The timing of Turkey’s blockage in NATO
There is yet another tension between Turkey and its Western allies.
According to Reuters, Turkey is refusing to back a NATO defense plan for the Baltics and Poland until the alliance offers Ankara more political support for its fight against the YPG, which Turkey says is the Syrian wing of the illegal PKK.
Turkey wants to strike a blow to the so-called “tactical” relationship between its allies and the YPG, an offshoot of the PKK which is recognized as a terror organization by Washington and European capitals.
The YPG is often described by the Western media as “Kurdish militants” in Northern Syria.
I wish my Western colleagues could go to some Western politicians and get, for instance, from a Polish or U.S. foreign minister a clear-cut statement and make them say: “The Turks are talking nonsense. There is no relationship whatsoever between the YPG and the PKK.”

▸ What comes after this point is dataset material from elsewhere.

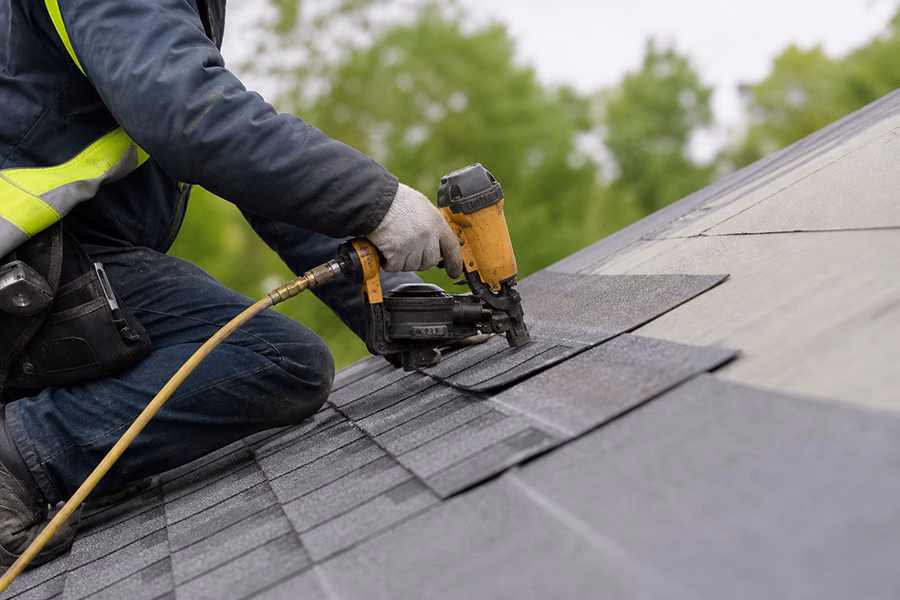 Roofing contractor securing asphalt shingles with a nail gun on a sloped residential roof during installation.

Life would have been so much easier if they would have come with such a statement. Life would have been even easier if some would simply say, “In fact, we made a mistake in the past: We no longer think the PKK is a terror organization. It is a group of freedom fighters using violence for their right cause.”
But the public relations world of diplomacy is less about truths and more about perceptions. And the Justice and Development Party (AKP) government is failing big time to play the game according to the rules. Ever since it dragged its feet to help save the Kurdish town Kobane in Syria from an ISIL siege, it is failing to pass the message across that its enemy are not the Kurds but the PKK terrorists. Yet how convincing can you be when the leader of the pro-Kurdish political party is in prison based on legal arguments that do not meet the universal judicial criteria.

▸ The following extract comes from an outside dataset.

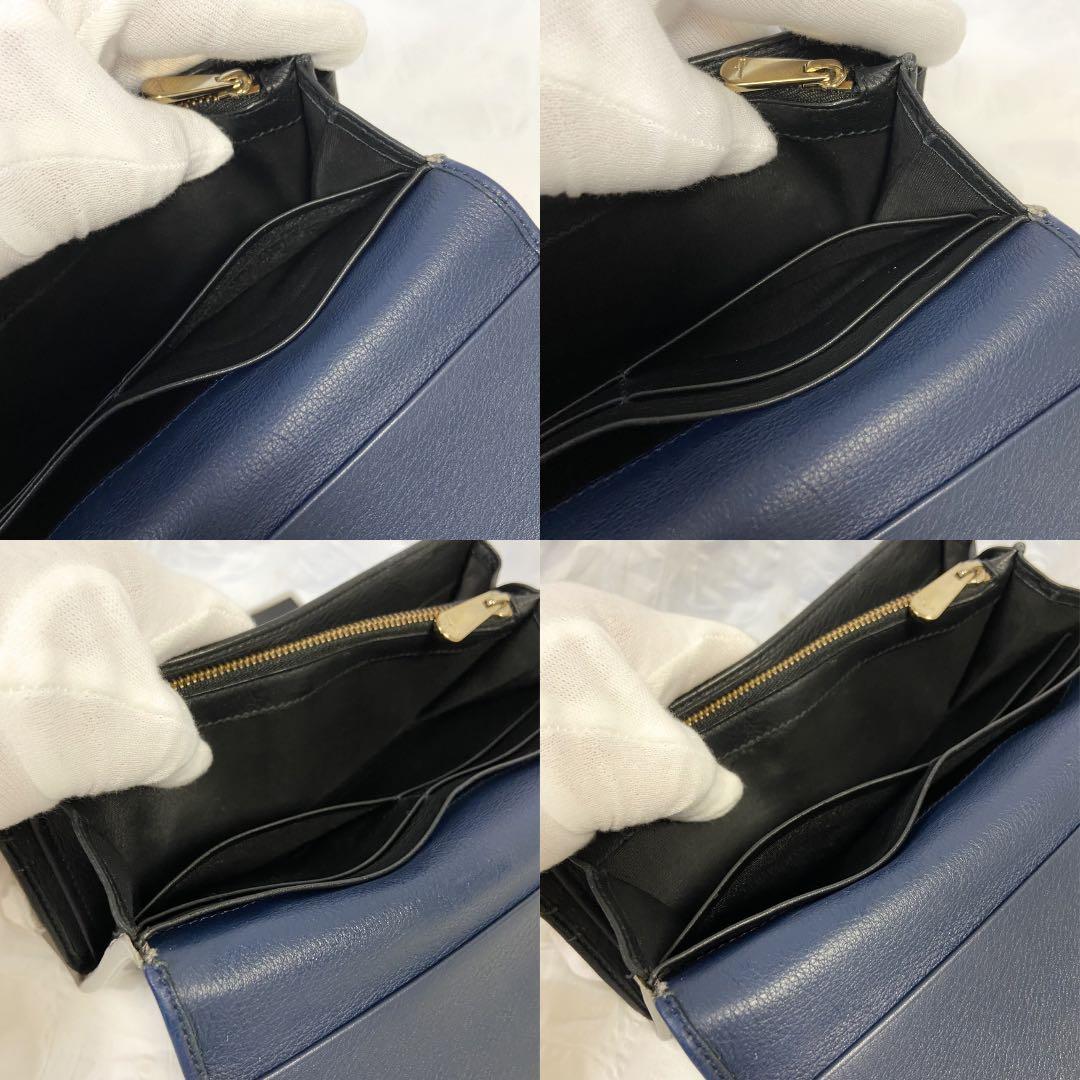 【良品】Salvatore Ferragamo 二つ折り財布 ネイビー 金 金具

In addition, if Turkey wants to get its allies on its side against the PKK, it needs to make the right move at the right time.
Let’s look at the timing.
It is not the first time that Turkey is showing its uneasiness concerning NATO’s strategy to focus on the “eastern” flank at the expense of the “southern” flank. In view of Turkey’s rapprochement with Russia, this could be perceived as a Turkish effort to please Moscow. This is not the case. It has to do more with answering Turkey’s security needs facing the challenges on the southern front than underestimating the threat coming from Russia. Otherwise, Turkey would not have approved previous NATO plans against Russia.
Turkey’s move comes at a time when there are deep rifts among allies concerning the future of NATO.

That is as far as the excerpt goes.